The crop markets moved mostly lower in concert with equity indexes Thursday night. Corn futures ended Thursday little changed, with the nearby March contract seeming stuck between its 10 and 20-day moving averages. The yellow grain actually defied the generally bearish atmosphere in overnight action, which may have reflected weather model changes suggesting diminished late January rainfall over South American fields. March corn futures inched up 0.5 cent to $3.585 in predawn Friday action, while May added 0.5 cent to $3.63.

The soy complex set back overnight. The concurrent dive in equity index futures and the nearby crude oil contract's push below the $30/barrel level probably discouraged commodity bulls. The bean decline may also have marked a reaction to the expiring January soybean contract's inability to sustain a moved above the psychologically important $9.00 level during the past two sessions. The crude oil drop seemed to drag soyoil downward as well. March soybean futures declines 5.25 cents to $8.77 Thursday night, while Mar soyoil fell 22 points to 29.53 cents per pound and March meal sank $3.6 to $270.6.

Chicago and Minneapolis wheat continued their midweek slide Thursday after having failed at pivotal resistance associated with their respective 40-day moving averages Tuesday afternoon. The weakness persisted in overnight action, but an early-morning data release from the USDA's Farm Service Agency seemingly encouraged bulls. The data apparently applied to spring 2015 plantings rather than fall winter wheat seedings, but the market still appeared to react. March CBOT wheat rose 0.5 cent to $4.6925 per bushel in early Friday trading, while March KC wheat slipped 0.25 cent to $4.6825 and March MWE gained 0.5 cent to $4.93.

Demand concerns on high beef prices pressured cattle futures to a 2 ¬Ω week low. Keeping prices from further decline is a continued cash market firmness. Investors look for signals concerning demand as packer margins have grown, thereby depressing futures from 2 month highs reached early this month. Weakening equity markets are bleeding into the cattle market as traders worry about risk and weak beef demand. Beef Cutouts remained firm, with choice cutout rising 0.24 to 235.45 cents/pound and Select cuts climbing 1.27 to 230.35. February live cattle lost 1.55 cents to 130.550 cents/pound Thursday, while April futures dipped 1.53 cents to 131.50. March feeder cattle declined 2.43 cents to 154.775 cents/pound and April feeders lost 1.93 cents to 155.350.

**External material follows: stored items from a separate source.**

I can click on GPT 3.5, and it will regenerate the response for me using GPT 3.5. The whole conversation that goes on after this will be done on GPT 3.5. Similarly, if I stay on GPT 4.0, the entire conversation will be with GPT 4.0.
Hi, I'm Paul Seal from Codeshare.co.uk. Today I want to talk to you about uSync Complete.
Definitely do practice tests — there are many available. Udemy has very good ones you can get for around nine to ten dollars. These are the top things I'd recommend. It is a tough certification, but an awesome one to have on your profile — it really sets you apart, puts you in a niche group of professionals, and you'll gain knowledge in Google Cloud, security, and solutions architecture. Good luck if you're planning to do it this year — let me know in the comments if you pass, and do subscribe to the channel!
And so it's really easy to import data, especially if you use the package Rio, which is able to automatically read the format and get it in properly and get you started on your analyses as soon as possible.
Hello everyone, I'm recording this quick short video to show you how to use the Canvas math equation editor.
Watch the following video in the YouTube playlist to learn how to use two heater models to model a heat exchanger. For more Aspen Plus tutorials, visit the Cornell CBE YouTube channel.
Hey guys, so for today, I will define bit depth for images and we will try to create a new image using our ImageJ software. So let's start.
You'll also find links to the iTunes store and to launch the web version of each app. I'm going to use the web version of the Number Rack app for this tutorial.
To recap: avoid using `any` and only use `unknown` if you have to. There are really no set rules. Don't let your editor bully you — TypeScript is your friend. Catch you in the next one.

Hogs early on looked determined to fall off, but firm cash markets on strong packer margins supported futures for a steady rebound from early morning lows. US Pork packer margins for Thursday are +$36.81 vs +$32.08 on Wednesday. Higher packer margins have firmed cash bids for hogs. Although hog and pork fundamentals remain quite positive, the premiums to the CME index already built into futures prices make rallies from recent levels problematic. That may also be why hog futures seem sensitive to equity markets shifts, as exemplified by the late-session slide, since the bullish outlook at least partially depends upon persistently robust demand from both the domestic and export sectors. Country hogs backed off on Thursday, but pork cutouts surged. February hog futures

closed 0.73 cents/pound higher at 62.350 cents/pound Thursday, while April hogs rose 0.63 cents to 67.775 cents/pound.

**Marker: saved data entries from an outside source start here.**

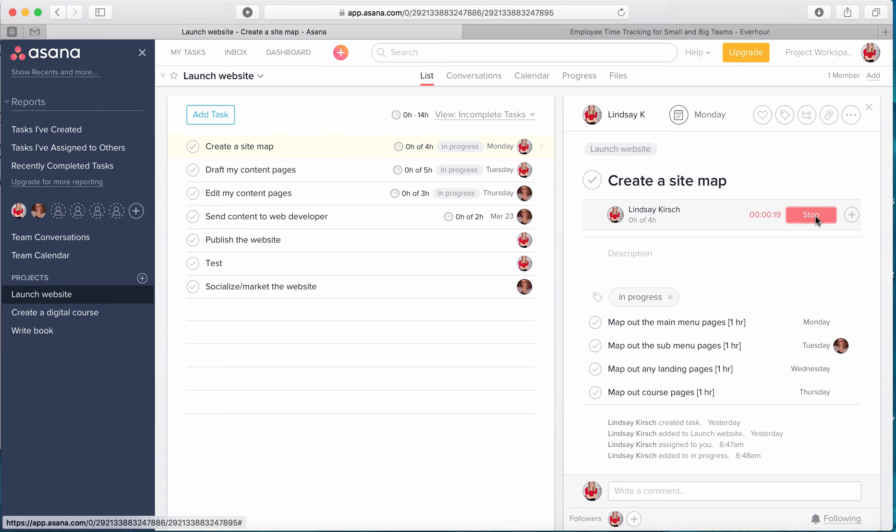Maybe my task requires me to be somewhere else and it'll just keep running. So when I'm done with the task or I've completed what I'm going to complete on it for right now, I press stop.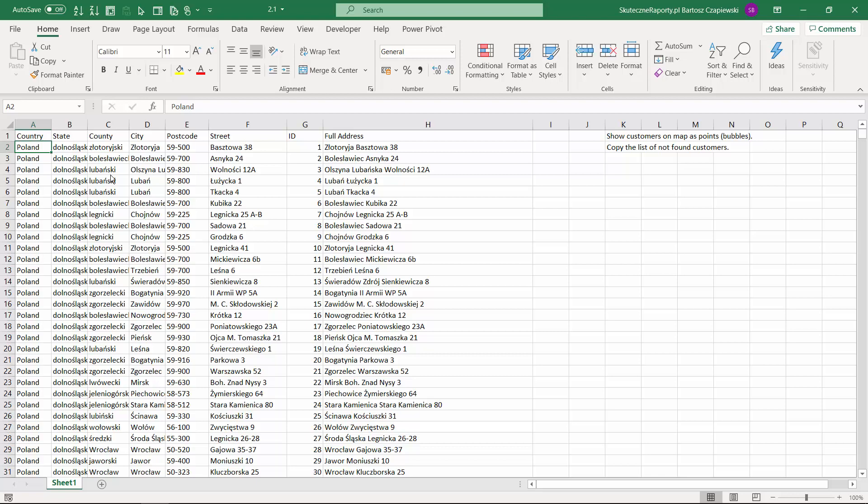Welcome to lesson number two, in which we will discover the geocoding mechanism and see what are the advantages and disadvantages of this Bing Maps service.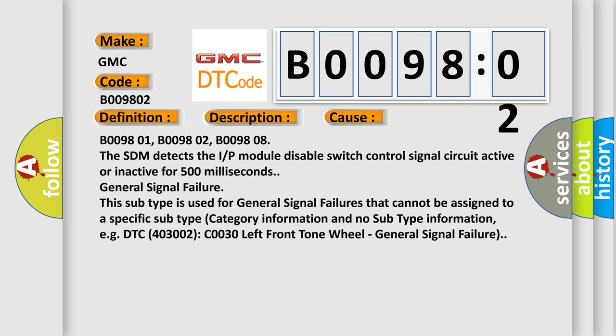B009801, B009802, B009808. The SDM detects the IP module disable switch control signal circuit active or inactive for 500 milliseconds. General signal failure.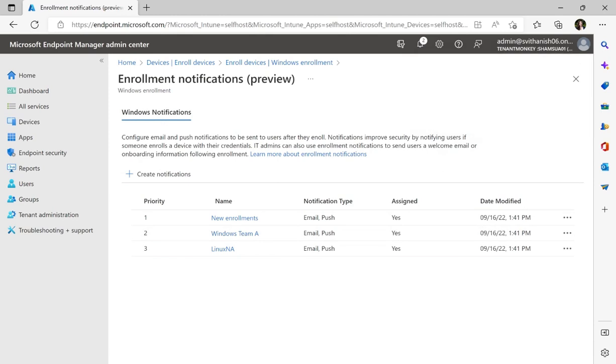So that's how we create an enrollment notification in Intune for both email and push. Thank you.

Cotton traders continue paying close attention to events in the equity markets due to the general believe that general stock movements reflect consensus views concerning the intermediate-term economic outlook and forthcoming demand shifts. Thus, the midweek fiber rally wasn't terribly surprising. However, the March ICE contract failed at 10-day moving average resistance during the past two sessions, which almost surely encourage traders to actively sell the market when equity index futures dove Thursday night. March cotton tumbled 0.24 cents to 61.66 cents/pound early Friday morning, while May cotton dropped 0.32 to 62.06 cents/pound.